1855 Dickens Dorrit i. xiv, In the chair before the gone-out fire..was the gentleman whom she sought. 1888 W. B. Churchward Blackbirding 213, I shan't get more than the gone-down price.

    b. With adj. complement, as gone-soft, gone-wild. (Cf. go v. 44 a.)

1925 A. S. M. Hutchinson One Increasing Purpose iii. xv, Not a fit man..but a gone-soft and nerve-wracked man. 1960 Times 13 Jan. 13/6 The mammalian predators of the rabbit: fox, badger, stoat, weasel, tame and gone-wild cats.

    4. Very inspired or excited; ‘out of this world’; extremely satisfying; excellent; esp. in phr. real gone. slang (orig. U.S. jazz musicians').

1946 Mezzrow & Wolfe Really Blues 374/1 Gone, out of this world, superlative. Gone with it, really inspired, completely in control of the situation. 1948 Jazz Jrnl.
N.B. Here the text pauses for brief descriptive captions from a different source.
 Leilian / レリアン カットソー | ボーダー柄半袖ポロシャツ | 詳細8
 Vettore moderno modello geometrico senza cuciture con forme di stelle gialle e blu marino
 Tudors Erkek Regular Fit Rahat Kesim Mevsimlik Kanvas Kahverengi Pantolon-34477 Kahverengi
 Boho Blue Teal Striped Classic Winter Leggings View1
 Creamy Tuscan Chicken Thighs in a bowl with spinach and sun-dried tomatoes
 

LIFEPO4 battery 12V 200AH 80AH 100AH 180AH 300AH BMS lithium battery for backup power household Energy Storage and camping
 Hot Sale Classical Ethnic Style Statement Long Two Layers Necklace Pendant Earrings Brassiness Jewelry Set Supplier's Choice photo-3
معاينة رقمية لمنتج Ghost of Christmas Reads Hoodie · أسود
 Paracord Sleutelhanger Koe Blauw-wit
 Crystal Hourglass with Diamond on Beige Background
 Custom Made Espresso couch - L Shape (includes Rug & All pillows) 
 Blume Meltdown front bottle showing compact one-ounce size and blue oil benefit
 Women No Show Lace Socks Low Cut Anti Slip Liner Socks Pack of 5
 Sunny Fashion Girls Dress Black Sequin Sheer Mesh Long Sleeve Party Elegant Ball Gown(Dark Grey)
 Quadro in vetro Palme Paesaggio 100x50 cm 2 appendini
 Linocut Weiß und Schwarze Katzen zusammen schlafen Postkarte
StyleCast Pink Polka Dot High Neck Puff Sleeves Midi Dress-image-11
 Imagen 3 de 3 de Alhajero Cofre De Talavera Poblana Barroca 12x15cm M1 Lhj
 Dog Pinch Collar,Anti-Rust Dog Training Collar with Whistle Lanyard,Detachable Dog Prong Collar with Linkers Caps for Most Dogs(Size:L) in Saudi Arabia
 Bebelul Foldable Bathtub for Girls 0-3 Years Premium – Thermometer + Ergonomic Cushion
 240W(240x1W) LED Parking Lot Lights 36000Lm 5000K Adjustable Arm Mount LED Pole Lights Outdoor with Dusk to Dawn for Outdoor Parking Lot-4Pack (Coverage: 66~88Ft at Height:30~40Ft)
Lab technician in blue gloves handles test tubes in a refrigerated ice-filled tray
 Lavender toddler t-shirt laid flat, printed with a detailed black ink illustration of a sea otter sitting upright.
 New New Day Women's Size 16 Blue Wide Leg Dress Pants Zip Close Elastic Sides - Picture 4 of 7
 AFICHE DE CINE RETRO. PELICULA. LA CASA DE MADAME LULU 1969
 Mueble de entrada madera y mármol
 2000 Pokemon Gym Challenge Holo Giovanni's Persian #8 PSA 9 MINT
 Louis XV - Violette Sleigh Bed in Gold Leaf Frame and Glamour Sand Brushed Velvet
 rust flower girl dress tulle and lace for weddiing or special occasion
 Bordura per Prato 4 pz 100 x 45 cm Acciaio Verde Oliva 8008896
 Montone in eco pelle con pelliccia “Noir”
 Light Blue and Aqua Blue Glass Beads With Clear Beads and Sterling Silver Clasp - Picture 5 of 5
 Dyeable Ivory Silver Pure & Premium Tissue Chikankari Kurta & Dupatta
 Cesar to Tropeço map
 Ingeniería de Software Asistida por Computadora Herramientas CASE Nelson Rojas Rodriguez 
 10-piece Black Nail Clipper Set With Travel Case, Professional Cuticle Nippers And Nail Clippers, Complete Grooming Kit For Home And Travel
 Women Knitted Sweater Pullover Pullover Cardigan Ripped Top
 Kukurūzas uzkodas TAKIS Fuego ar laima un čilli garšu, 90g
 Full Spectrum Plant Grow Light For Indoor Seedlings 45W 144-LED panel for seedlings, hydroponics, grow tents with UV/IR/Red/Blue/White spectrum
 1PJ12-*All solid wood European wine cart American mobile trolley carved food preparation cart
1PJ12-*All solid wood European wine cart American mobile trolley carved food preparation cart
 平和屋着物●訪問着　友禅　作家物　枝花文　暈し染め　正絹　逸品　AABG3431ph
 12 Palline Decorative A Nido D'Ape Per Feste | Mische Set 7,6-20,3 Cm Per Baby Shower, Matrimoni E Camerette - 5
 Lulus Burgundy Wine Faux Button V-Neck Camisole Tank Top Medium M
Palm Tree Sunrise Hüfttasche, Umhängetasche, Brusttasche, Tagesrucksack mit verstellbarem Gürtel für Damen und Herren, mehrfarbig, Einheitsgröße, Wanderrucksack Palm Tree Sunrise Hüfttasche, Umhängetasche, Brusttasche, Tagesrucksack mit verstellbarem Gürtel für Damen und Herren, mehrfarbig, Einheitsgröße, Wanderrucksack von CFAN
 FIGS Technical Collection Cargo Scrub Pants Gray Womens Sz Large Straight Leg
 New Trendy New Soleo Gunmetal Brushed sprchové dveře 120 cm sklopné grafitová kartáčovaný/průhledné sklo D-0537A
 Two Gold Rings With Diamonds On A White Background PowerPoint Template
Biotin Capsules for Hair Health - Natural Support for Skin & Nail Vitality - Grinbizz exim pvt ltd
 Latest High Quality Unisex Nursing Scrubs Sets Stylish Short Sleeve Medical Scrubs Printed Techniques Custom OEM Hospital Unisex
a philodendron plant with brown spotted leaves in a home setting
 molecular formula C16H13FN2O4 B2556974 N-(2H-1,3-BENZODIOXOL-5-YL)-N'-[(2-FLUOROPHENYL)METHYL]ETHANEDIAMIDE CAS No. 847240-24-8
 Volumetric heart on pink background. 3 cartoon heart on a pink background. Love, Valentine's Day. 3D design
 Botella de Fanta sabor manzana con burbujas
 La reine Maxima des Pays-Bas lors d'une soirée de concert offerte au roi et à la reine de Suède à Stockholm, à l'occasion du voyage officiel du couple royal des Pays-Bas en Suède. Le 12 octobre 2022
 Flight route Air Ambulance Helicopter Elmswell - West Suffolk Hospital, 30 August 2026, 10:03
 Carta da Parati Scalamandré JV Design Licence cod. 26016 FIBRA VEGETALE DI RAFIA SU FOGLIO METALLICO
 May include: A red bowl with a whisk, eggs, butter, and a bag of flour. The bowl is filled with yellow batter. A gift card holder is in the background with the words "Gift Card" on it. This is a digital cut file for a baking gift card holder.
Aug. 2 (heading) Real gone gal—the history of Nellie Lutcher. 1957 J. Kerouac On Road (1958) i. xi. 60, I have found the gonest little girl in the world. 1958 Sunday Mail (Glasgow) 10 Feb. 11 Gone—the best, in the top rung, the coolest. 1959 Spectator 1 May 613/2 Snapping his fingers in a very gone fashion to the beat. 1959 News Chron. 14 Oct. 8/6 The jazz-loving ‘hep-cat’ who claims that the music ‘sends’ him until he is ‘gone’. 1967 L. J. Brown Cat who ate Danish Modern xvi. 141 This is a real gone pad..it's what the clients expect.

    5. Used absol. as n. Those who are dead.

1908 Daily Chron. 13 May 3/3 Unconscious imitations of Browning and others of the great and the gone. 1914 Hardy Satires of Circumstance 52 The speakers, sundry phantoms of the gone.

    Hence ˈgoner slang, one who is dead or undone; something which is doomed or ended.

1850 ‘Dow, Jr.’ in Sunday Mercury (N.Y.) 6 Jan. 2/6 Last Monday..the old year was not quite a goner. 1854 M. J. Holmes Tempest & Sunshine v. 211 I'd soon give you up as a goner. 1857 Thoreau Maine W. (1894) 365 He exclaimed, ‘She is a goner!’..There, to be sure, she lay perfectly dead. 1891 N. Gould Double Event 261 Make a noise, or follow me, and you're a goner. 1930 ‘E. Bramah’ Little Flutter xiii. 153 If it failed he was—if one may be permitted the word in the excitement of the moment—a ‘goner’. 1933 Boys' Mag. XLVII. 124/2 When I found the car burnt out I thought you were a ‘goner’. 1945 Auden For Time Being 12 Rome will be a goner.

II. gone
    variant of gane v., Obs., to gape; variant of gan pa. tense of gin v., to begin; obs. form of gun.